[EXERCISE DIRECTIONS] Include the line with "AUTO.RIA – Продам" and every line before it in the entries below, echoed exactly, but not the pictures.

*** THE DATA ***

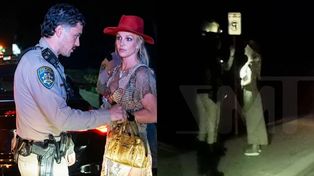 SKUTA Britney Spears DYSKUTUJE z policjantami po PIJACKIM rajdzie: "Zrobię wam lasagne. Mam basen" (WIDEO)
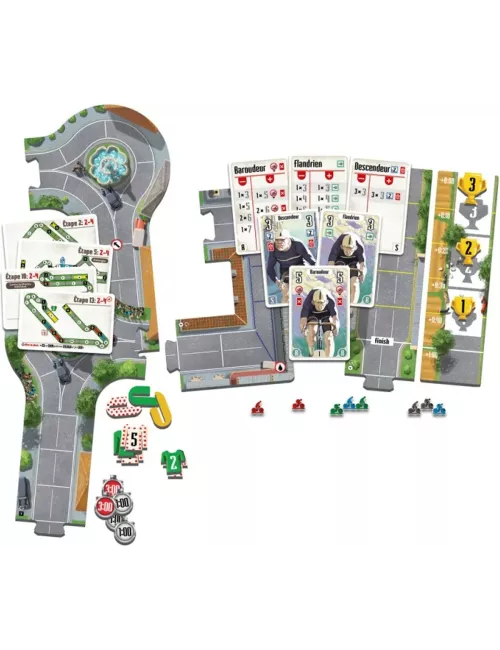 Flamme Rouge : Grand Tour - Extension matériel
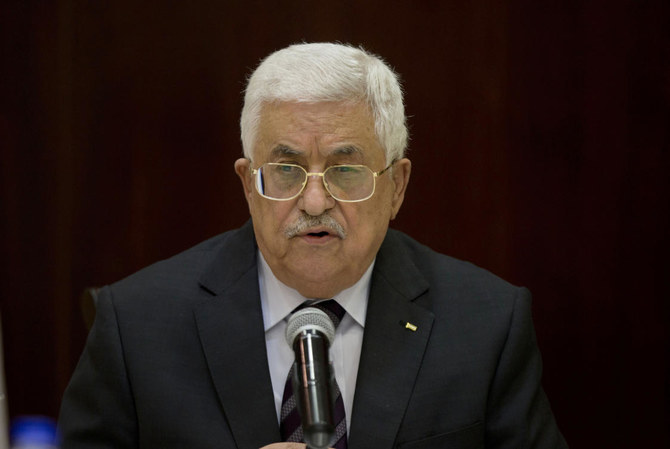 Palestinian president, Israeli leaders speak before Biden visit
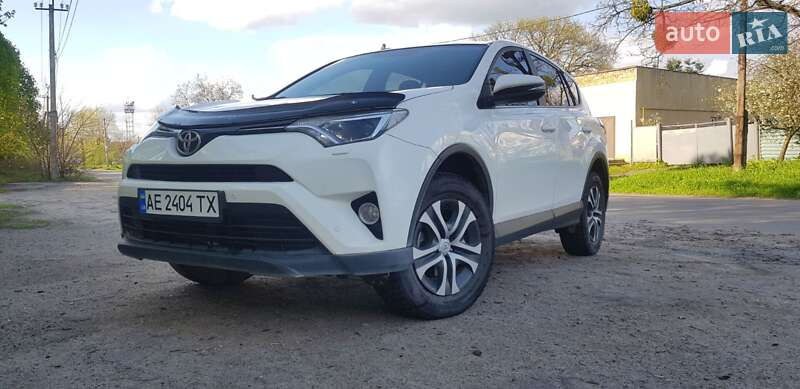 AUTO.RIA – Продам Тойота Рав 4 2017 (AE2404TX) газ пропан-бутан ...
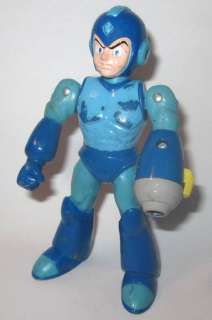 2004 Bandai Mega Man Action Figure Rockman (WORN)  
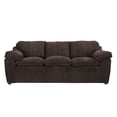 thumbnail image 1 of Sofa DICASA Aston 3 Plazas Chocolate para Salas, 1 of 6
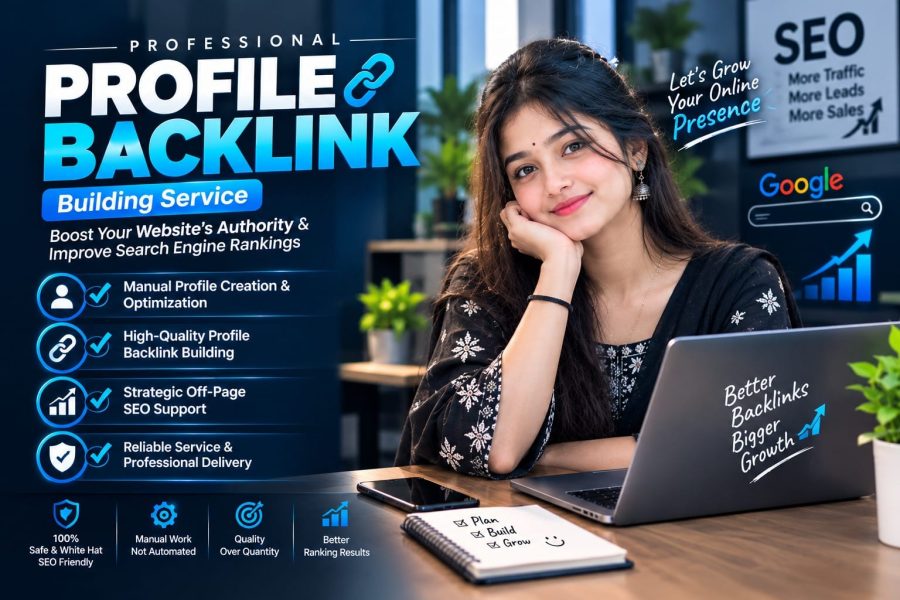 Professional Profile Backlink Building Service | White-Hat Off-Page SEO & Link Building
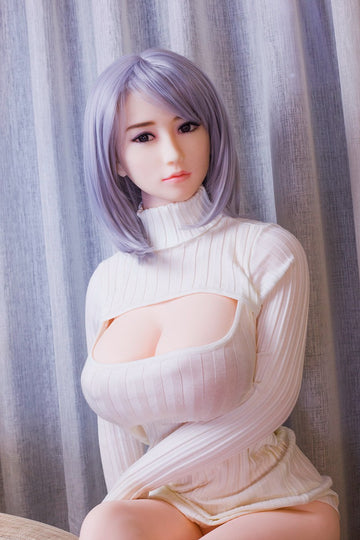 Asian Skinny Big Breast Real Life Girl Sex Doll 165cm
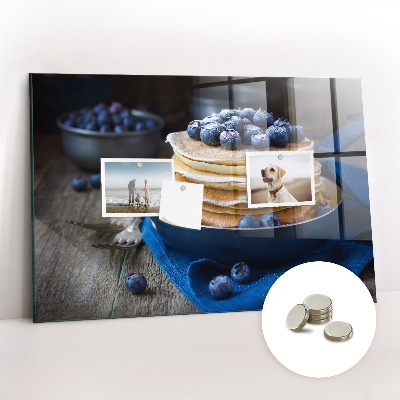 Memobord keuken Pannenkoeken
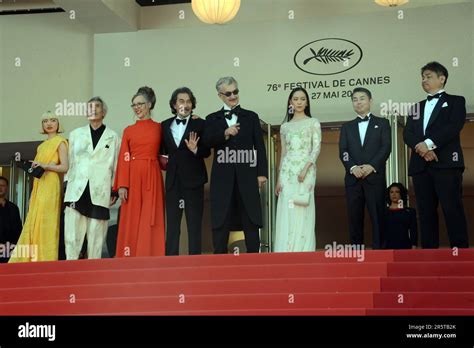 May 25 2023 CANNES France CANNES FRANCE MAY 25 L R Aoi Yamada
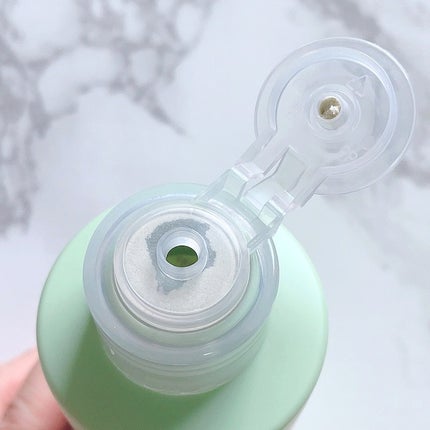 グリーンティー&エンザイムパウダーウォッシュ/By Wishtrend/洗顔パウダーを使ったクチコミ(4枚目)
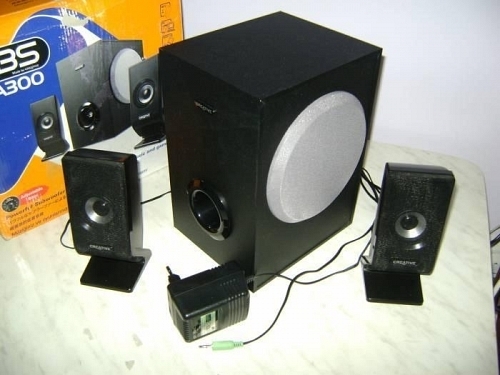 Creative sales speakers a300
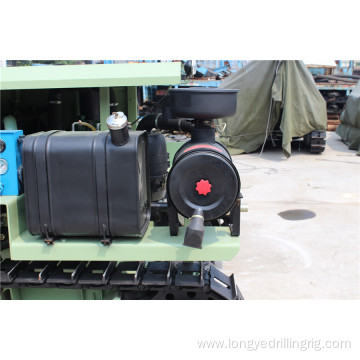 Ore Quarry Mining Drilling Blast Holes Rigging Machine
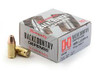 Hornady Backcountry Defense Pistol Ammo, 9mm Luger +P 138 Gr Dgh, 25 Rounds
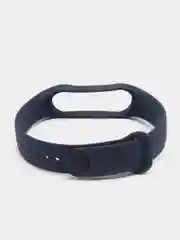 Темно-синий ремешок силиконовый для Xiaomi Mi Band 7, Сяоми Ми Банд 7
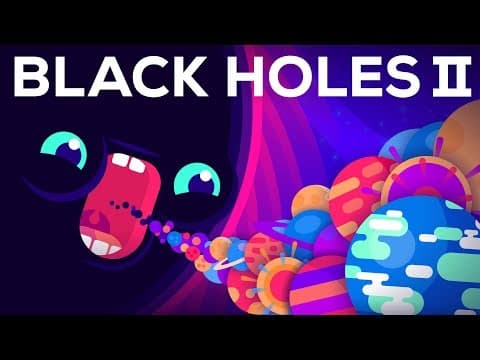 Why Do Black Holes Threaten the Universe's Information? thumbnail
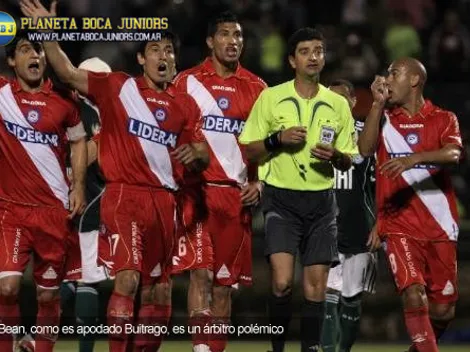 José Buitrago, el árbitro para Zamora-Boca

***

[RESPONSE FOR THIS EXERCISE]
 SKUTA Britney Spears DYSKUTUJE z policjantami po PIJACKIM rajdzie: "Zrobię wam lasagne. Mam basen" (WIDEO)
 Flamme Rouge : Grand Tour - Extension matériel
 Palestinian president, Israeli leaders speak before Biden visit
 AUTO.RIA – Продам Тойота Рав 4 2017 (AE2404TX) газ пропан-бутан ...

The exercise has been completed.